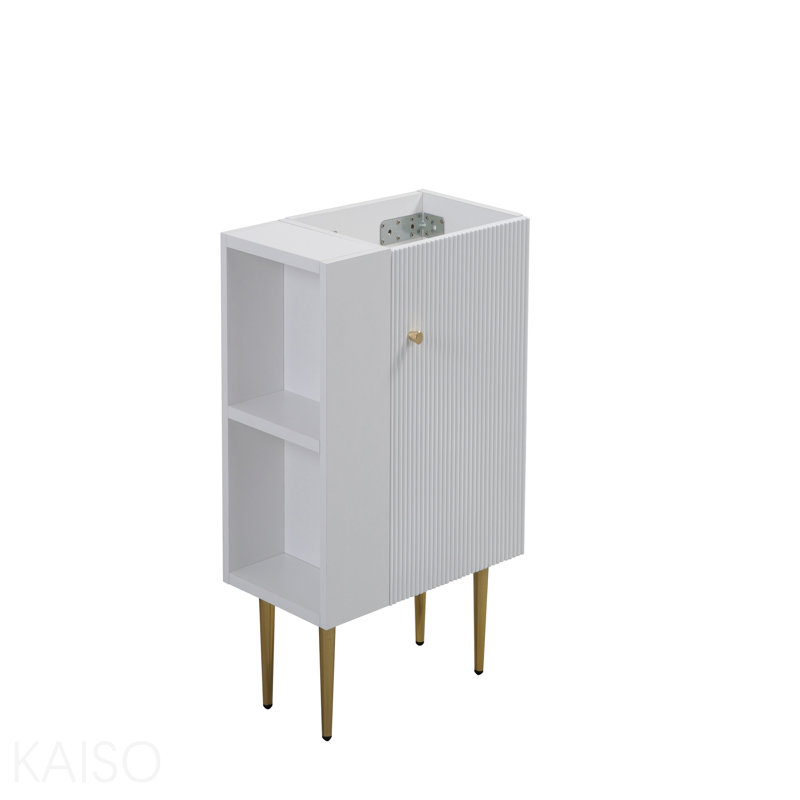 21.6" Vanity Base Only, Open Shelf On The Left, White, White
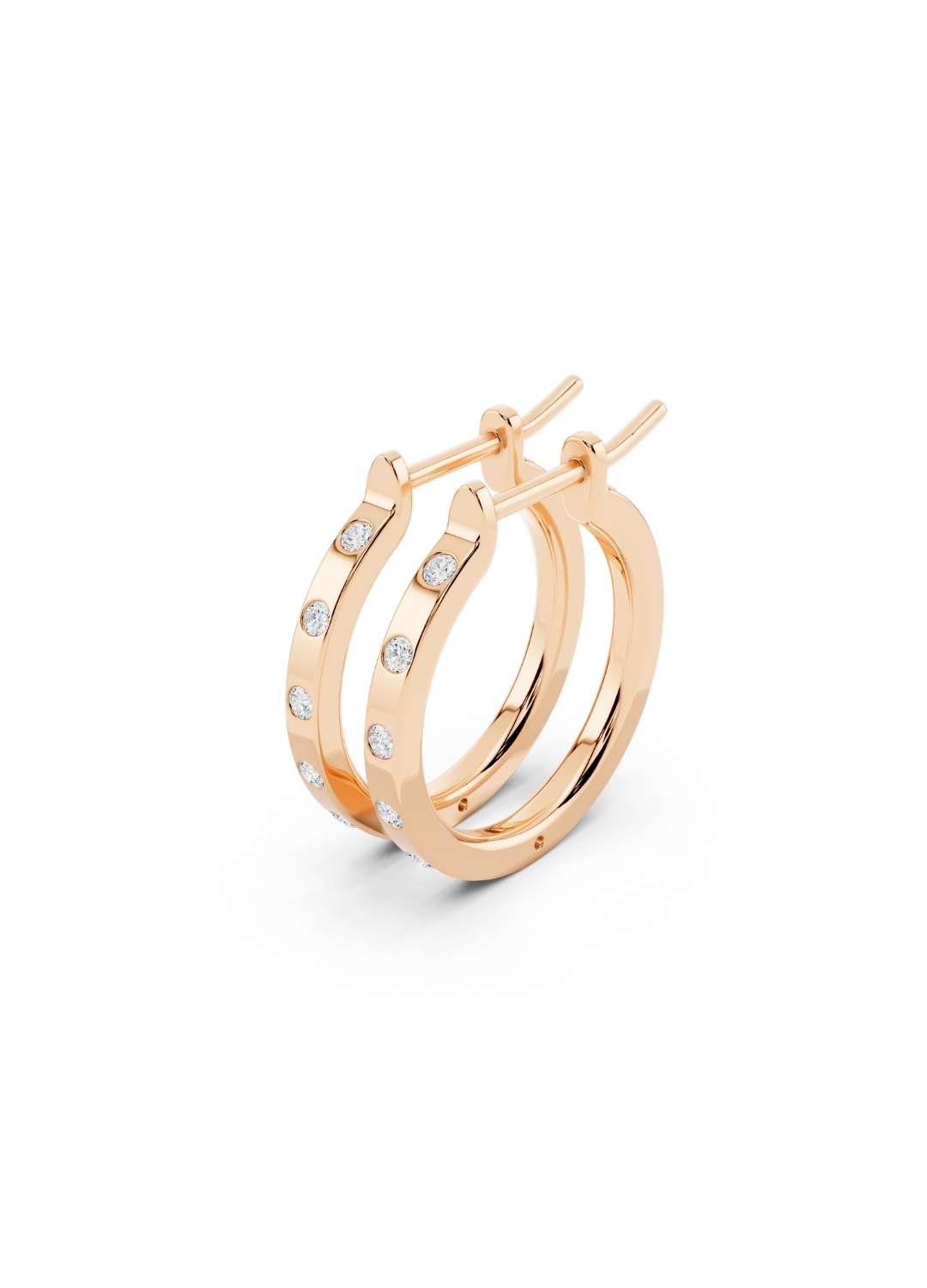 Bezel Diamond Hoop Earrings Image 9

==

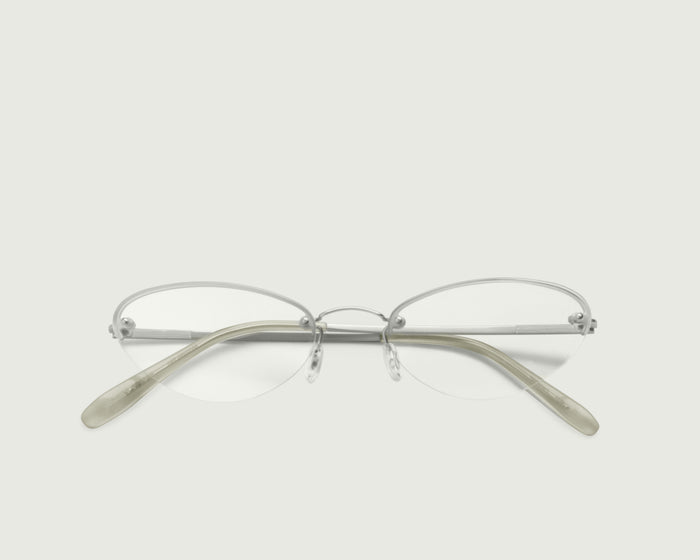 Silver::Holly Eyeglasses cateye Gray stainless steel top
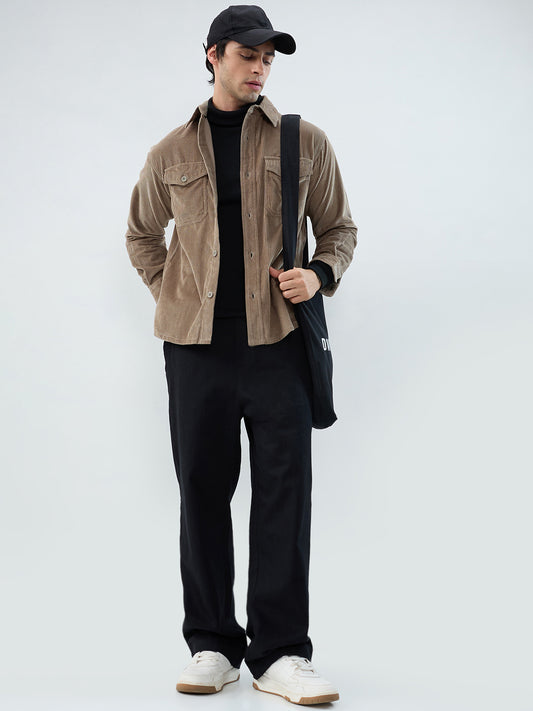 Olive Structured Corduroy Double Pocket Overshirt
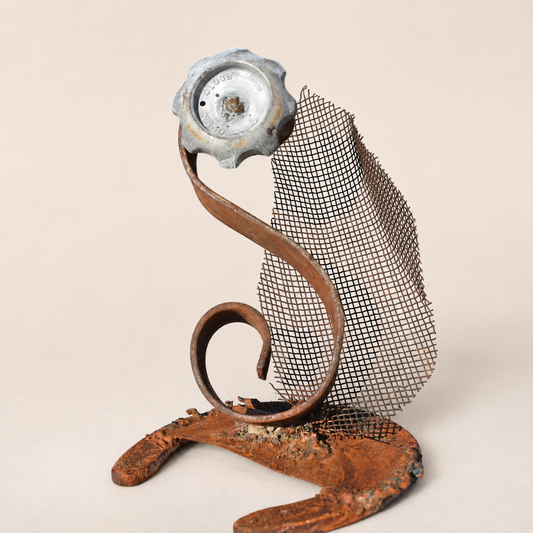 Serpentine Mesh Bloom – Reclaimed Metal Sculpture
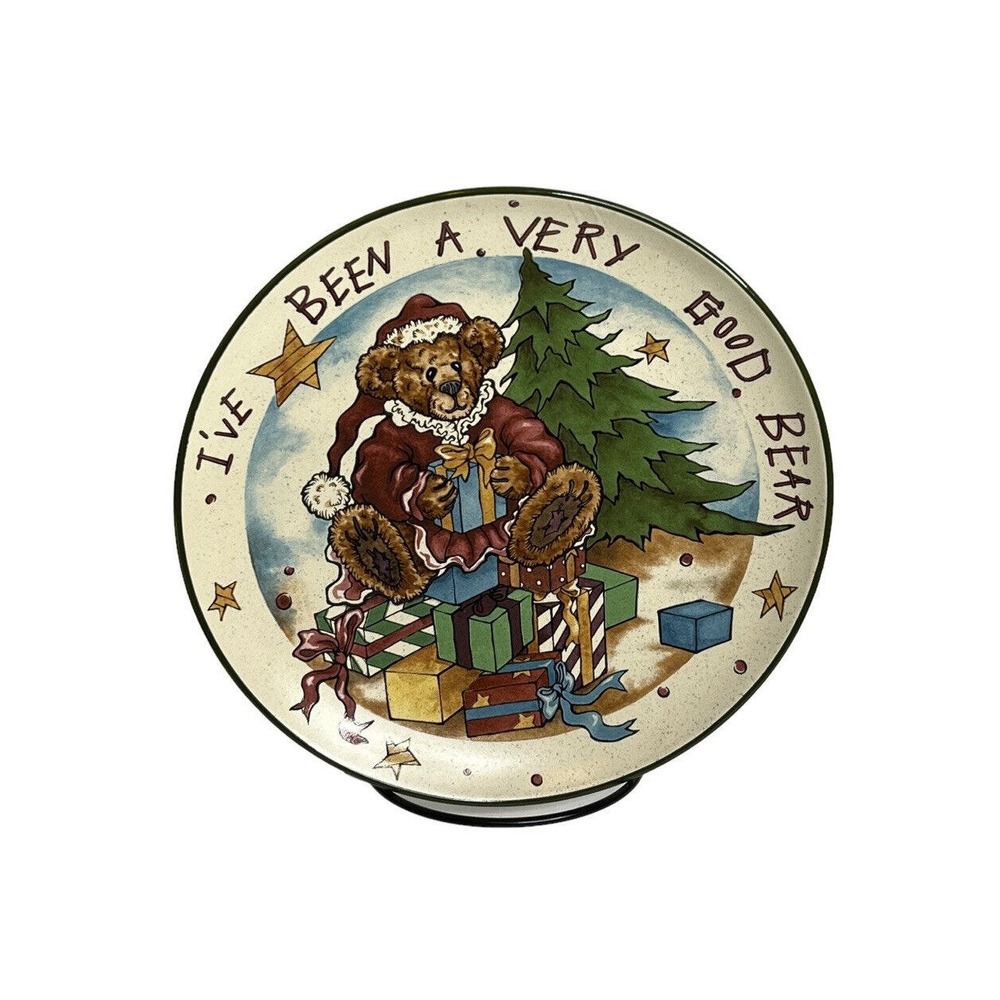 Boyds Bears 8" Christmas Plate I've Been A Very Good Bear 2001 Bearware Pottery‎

## Required action
Copy the lines above between the one holding "Silver::Holly Eyeglasses cateye" and the one holding "2001 Bearware Pottery‎", inclusive. Drop the pictures.

## Solution to the exercise
 Silver::Holly Eyeglasses cateye Gray stainless steel top
 Olive Structured Corduroy Double Pocket Overshirt
 Serpentine Mesh Bloom – Reclaimed Metal Sculpture
 Boyds Bears 8" Christmas Plate I've Been A Very Good Bear 2001 Bearware Pottery‎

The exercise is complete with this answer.